An Even Break
Summary
A sun-dappled Arcadia fractures under the electric glare of Broadway marquees when Claire Curtis—part sylph, part steel—trades meadowlarks for footlights, her silhouette swallowed by the velvet maw of the city. Jimmie Strong, tinkerer of gears and daydreams, follows with a contraption that hums like a secret; his heart, still rustic, beats in 3/4 time for the girl who now glows under carbon-arc moons. Back home, two Harding brothers—mirror images of avarice—cast long shadows across the workshop floor, their fingers itching to stamp another man’s miracle with their own seal.

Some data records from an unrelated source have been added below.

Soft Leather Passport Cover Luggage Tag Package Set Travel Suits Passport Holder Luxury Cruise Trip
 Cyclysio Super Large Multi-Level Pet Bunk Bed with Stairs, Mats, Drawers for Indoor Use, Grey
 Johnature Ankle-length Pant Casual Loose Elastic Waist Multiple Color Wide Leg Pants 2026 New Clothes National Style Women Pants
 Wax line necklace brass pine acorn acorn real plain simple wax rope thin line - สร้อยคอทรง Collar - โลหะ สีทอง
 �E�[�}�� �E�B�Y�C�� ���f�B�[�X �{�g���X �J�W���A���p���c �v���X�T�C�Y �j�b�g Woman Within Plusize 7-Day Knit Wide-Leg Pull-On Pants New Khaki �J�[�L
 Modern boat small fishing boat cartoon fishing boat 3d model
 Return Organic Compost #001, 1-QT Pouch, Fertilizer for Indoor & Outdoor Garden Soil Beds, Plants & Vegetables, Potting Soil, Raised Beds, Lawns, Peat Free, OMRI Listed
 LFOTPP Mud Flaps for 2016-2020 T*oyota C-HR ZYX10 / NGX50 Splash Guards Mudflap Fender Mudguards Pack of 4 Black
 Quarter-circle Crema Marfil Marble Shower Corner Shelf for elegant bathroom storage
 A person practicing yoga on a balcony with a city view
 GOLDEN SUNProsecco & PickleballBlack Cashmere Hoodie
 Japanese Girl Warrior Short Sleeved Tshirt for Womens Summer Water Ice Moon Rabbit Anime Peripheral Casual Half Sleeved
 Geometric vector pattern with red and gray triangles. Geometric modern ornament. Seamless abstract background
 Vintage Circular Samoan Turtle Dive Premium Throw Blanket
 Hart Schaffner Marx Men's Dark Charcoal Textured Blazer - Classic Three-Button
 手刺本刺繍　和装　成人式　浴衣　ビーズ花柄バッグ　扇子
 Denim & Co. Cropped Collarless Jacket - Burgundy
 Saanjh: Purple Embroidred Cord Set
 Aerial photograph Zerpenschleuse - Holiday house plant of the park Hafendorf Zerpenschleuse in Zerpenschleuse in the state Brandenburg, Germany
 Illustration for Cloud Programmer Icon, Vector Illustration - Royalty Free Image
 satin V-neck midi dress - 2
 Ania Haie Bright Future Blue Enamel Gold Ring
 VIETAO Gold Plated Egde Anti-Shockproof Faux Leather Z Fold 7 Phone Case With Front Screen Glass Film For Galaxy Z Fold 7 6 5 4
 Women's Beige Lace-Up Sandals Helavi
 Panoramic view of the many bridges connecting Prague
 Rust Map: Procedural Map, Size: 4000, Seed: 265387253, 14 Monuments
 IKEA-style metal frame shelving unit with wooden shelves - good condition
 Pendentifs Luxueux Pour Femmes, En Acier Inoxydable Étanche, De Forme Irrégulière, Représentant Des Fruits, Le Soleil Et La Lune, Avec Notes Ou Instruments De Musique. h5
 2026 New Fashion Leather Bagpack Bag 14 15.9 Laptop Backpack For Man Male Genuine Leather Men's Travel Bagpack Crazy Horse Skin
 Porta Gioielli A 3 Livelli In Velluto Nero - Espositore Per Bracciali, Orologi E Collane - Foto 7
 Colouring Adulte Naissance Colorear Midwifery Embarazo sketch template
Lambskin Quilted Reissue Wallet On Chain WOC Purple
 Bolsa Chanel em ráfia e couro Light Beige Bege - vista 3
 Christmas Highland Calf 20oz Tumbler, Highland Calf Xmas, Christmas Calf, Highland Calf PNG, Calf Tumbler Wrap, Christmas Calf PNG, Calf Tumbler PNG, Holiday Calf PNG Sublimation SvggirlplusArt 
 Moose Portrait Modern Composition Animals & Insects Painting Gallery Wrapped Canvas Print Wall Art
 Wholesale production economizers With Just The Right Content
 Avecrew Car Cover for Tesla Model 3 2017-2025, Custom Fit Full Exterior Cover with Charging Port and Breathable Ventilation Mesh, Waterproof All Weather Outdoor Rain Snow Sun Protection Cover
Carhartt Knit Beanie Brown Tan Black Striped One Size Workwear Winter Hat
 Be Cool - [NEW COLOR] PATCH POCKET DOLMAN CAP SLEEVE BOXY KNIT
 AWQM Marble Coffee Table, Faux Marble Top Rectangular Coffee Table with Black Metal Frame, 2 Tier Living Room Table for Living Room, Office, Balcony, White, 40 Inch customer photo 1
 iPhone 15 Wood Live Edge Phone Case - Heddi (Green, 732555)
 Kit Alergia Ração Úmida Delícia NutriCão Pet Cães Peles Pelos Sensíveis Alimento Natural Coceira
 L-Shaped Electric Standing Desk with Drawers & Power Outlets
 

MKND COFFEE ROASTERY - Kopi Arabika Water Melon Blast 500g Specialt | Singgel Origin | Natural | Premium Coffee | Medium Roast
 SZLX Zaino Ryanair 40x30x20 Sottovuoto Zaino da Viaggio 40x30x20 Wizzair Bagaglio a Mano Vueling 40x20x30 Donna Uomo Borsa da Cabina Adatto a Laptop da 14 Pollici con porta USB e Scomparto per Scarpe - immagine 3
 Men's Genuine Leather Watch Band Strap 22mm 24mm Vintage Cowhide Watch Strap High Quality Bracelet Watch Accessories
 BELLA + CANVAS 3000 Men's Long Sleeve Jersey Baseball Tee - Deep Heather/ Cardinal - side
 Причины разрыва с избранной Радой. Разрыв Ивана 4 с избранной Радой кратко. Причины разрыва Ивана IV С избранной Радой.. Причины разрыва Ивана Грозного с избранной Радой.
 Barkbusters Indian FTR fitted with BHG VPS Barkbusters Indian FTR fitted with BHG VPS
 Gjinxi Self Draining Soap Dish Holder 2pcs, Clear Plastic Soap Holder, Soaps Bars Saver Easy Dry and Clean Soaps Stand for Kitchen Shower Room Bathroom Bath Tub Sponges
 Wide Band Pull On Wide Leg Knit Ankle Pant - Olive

Into this crucible glides Mary, country dew still in her hair, announcing a hunger for Jimmie that rewrites every loyalty. Claire’s renunciation is no mere self-sacrifice; it is a curtain falling on her own soul, the spotlight left blazing for an understudy who will never own the role. Yet when patent papers start to bleed ink and banknotes turn to ash, the triangle buckles: Mary’s devotion cools, Claire’s armor cracks, and the trio race midnight trains toward a barn that smells of sawdust and betrayal, hoping to snatch a future already auctioned to the highest smirk.
Synopsis
Claire Curtis, Jimmie Strong and Mary have spent their childhood together in the country. Upon reaching adulthood, Claire goes to New York and becomes a success on stage. Jimmie, who has always dreamed of becoming an inventor, goes to New York to sell the machine he invented, and there he renews his acquaintance with Claire. Soon their old friendship ripens into love. Meanwhile, back in the country, Ralph and David Harding, who are making Jimmie's machine, plan to steal the right to it. Back in New York, Mary appears and informs Claire that she loves Jimmie, and the actress resolves to give her a chance to win him. When it appears that the Hardings' scheme to steal Jimmie's machine will succeed, however, Mary's ardor turns cold. Claire and Jimmie then rush back to the country in time to avert the takeover and save his firm from bankruptcy.